[What you are asked to do]: Omit all pictures. Print the remaining lines exactly, from the start of the data through the line containing "[upl. by Pippa]".

[Image-caption web data]
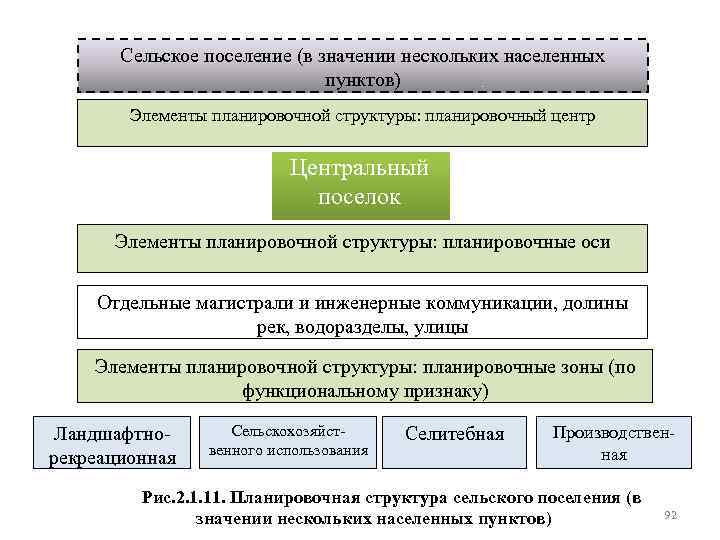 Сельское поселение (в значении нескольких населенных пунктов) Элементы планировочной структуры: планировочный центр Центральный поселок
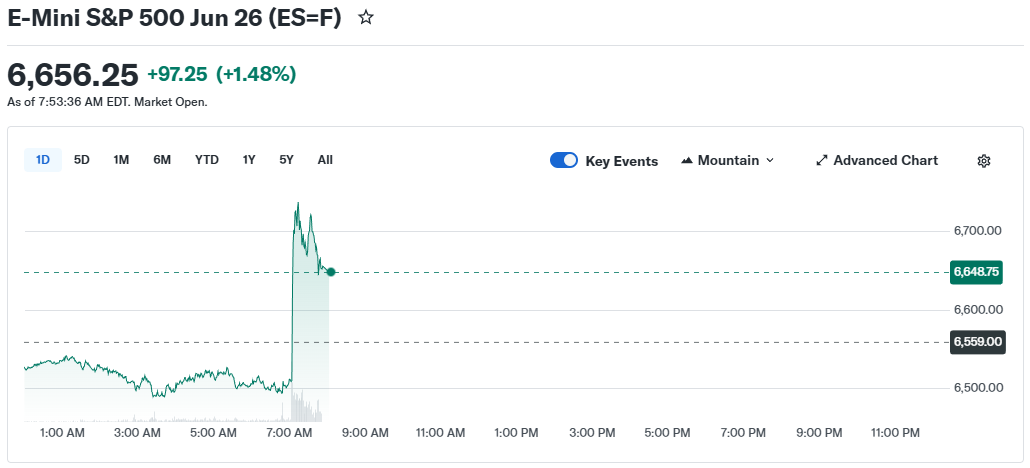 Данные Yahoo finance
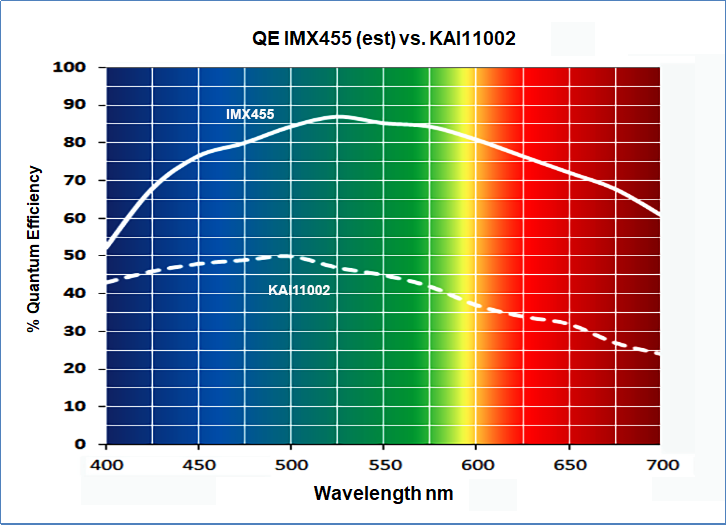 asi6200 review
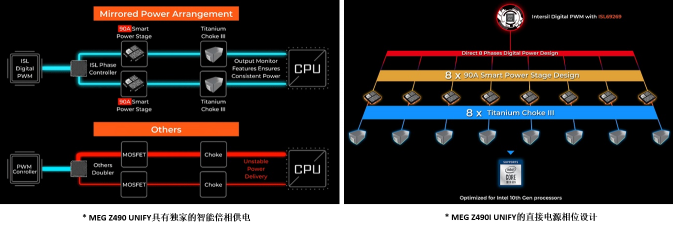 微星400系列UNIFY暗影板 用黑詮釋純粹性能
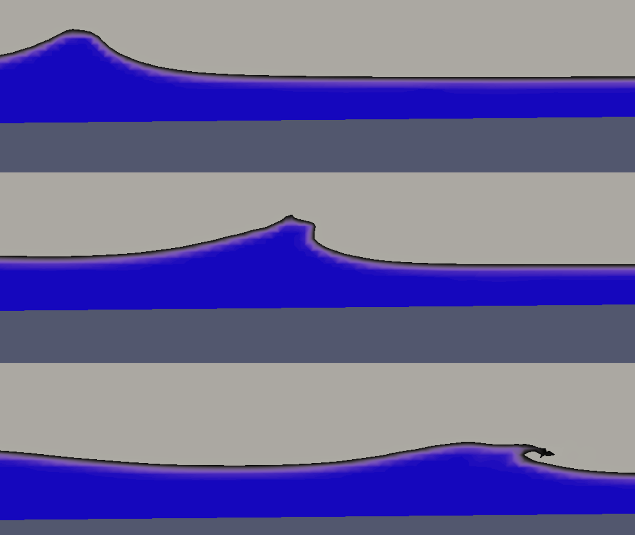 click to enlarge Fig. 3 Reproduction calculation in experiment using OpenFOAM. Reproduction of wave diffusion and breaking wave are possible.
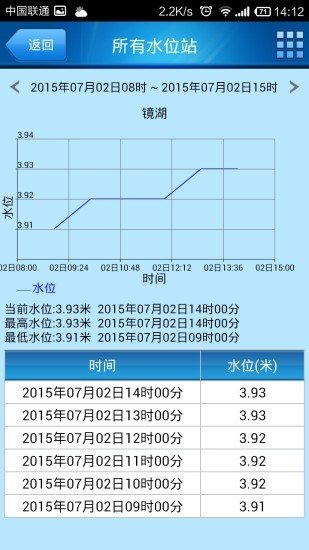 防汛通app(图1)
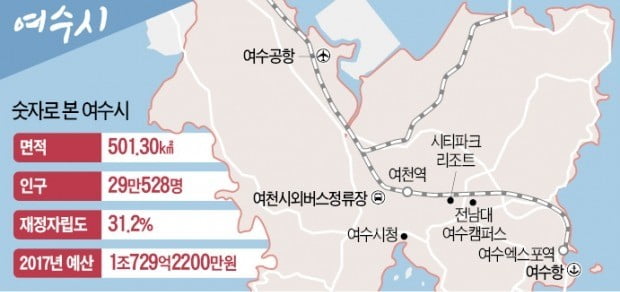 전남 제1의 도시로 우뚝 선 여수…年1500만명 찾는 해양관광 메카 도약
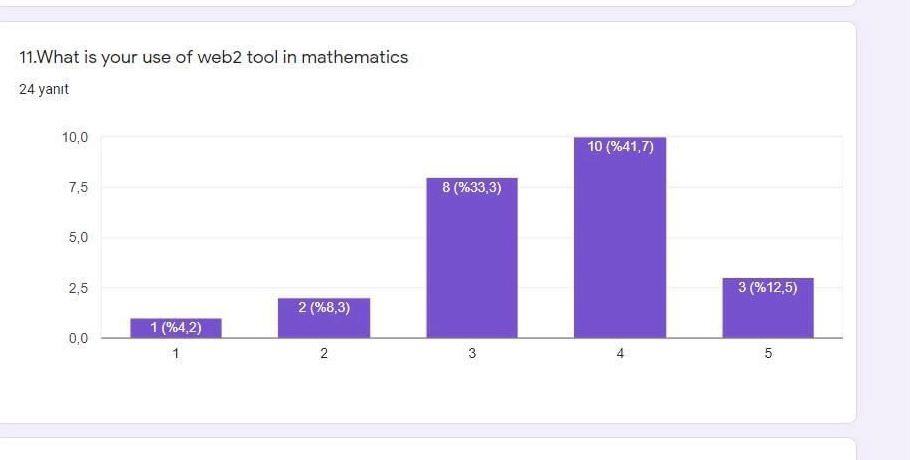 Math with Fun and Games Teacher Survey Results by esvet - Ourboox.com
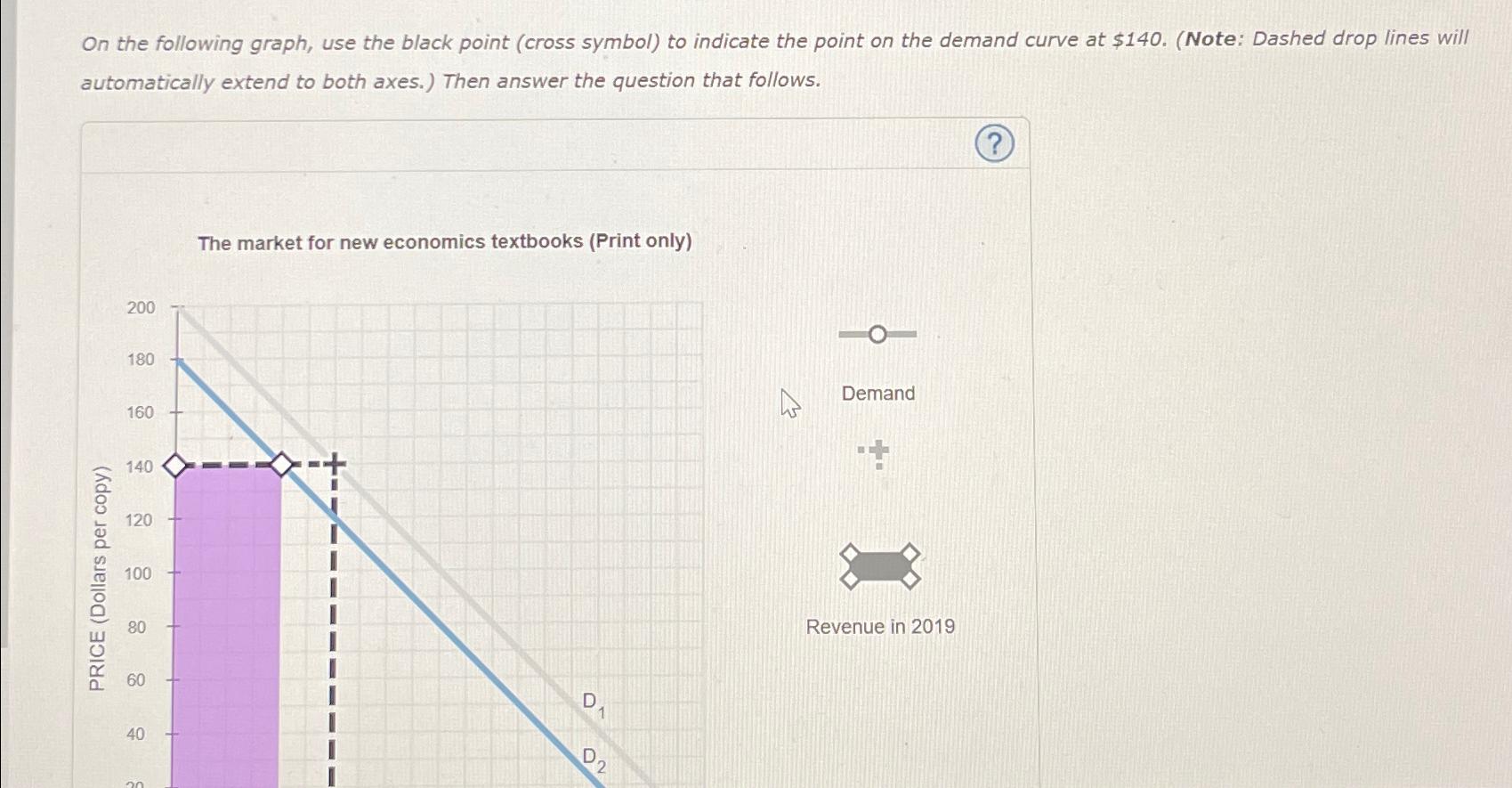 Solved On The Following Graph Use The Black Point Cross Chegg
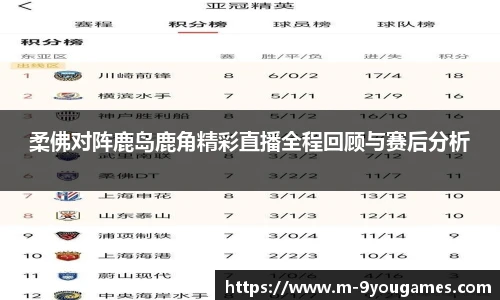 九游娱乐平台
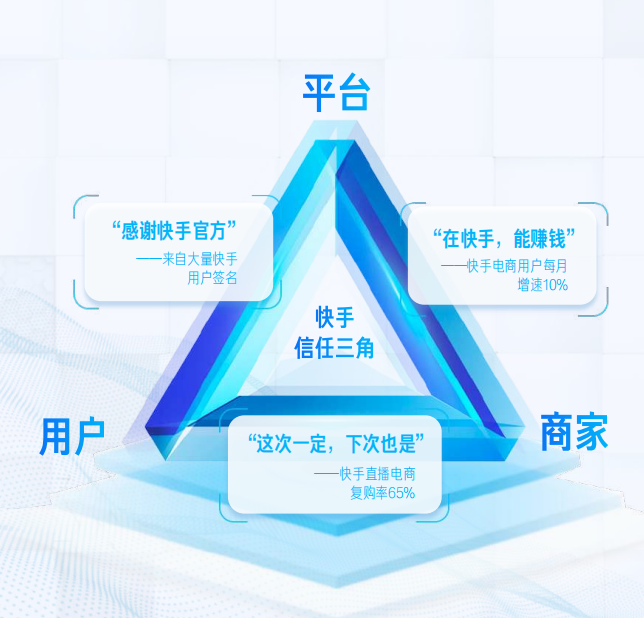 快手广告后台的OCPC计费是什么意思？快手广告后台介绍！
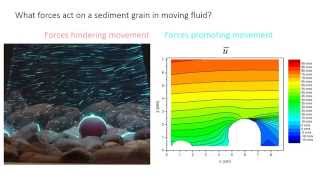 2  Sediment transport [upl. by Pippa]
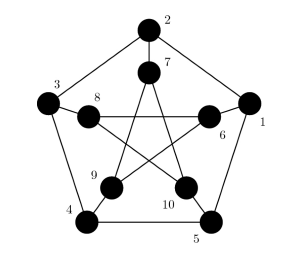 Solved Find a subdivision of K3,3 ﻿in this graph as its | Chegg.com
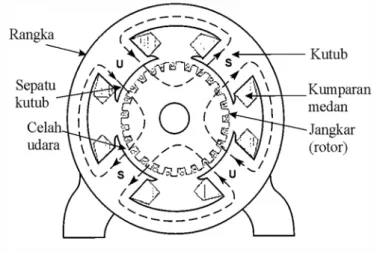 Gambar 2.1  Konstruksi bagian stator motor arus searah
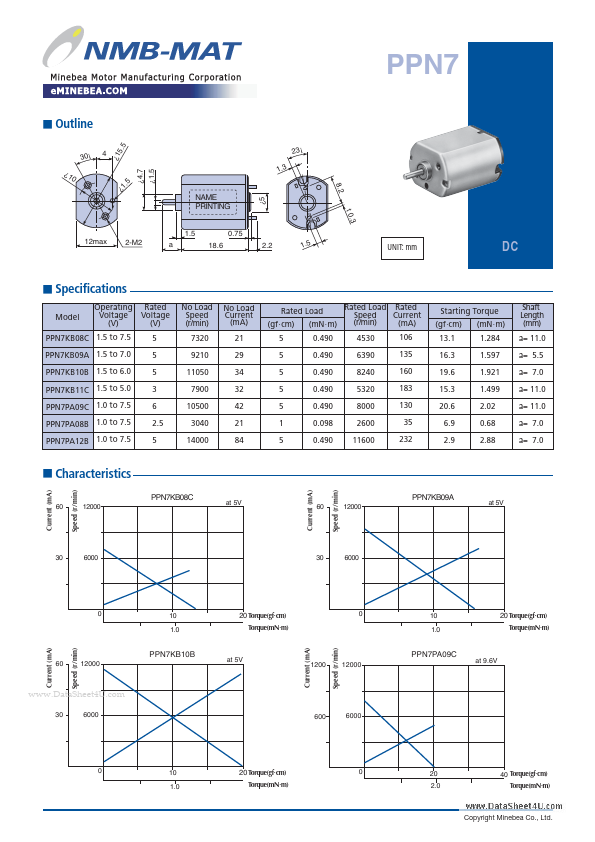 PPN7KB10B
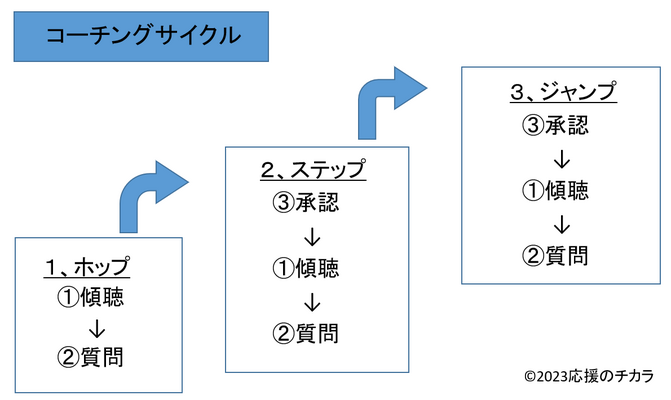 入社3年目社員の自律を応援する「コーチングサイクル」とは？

[Answer section]:
 Сельское поселение (в значении нескольких населенных пунктов) Элементы планировочной структуры: планировочный центр Центральный поселок
 Данные Yahoo finance
 asi6200 review
 微星400系列UNIFY暗影板 用黑詮釋純粹性能
 click to enlarge Fig. 3 Reproduction calculation in experiment using OpenFOAM. Reproduction of wave diffusion and breaking wave are possible.
 防汛通app(图1)
 전남 제1의 도시로 우뚝 선 여수…年1500만명 찾는 해양관광 메카 도약
 Math with Fun and Games Teacher Survey Results by esvet - Ourboox.com
 Solved On The Following Graph Use The Black Point Cross Chegg
 九游娱乐平台
 快手广告后台的OCPC计费是什么意思？快手广告后台介绍！
 2  Sediment transport [upl. by Pippa]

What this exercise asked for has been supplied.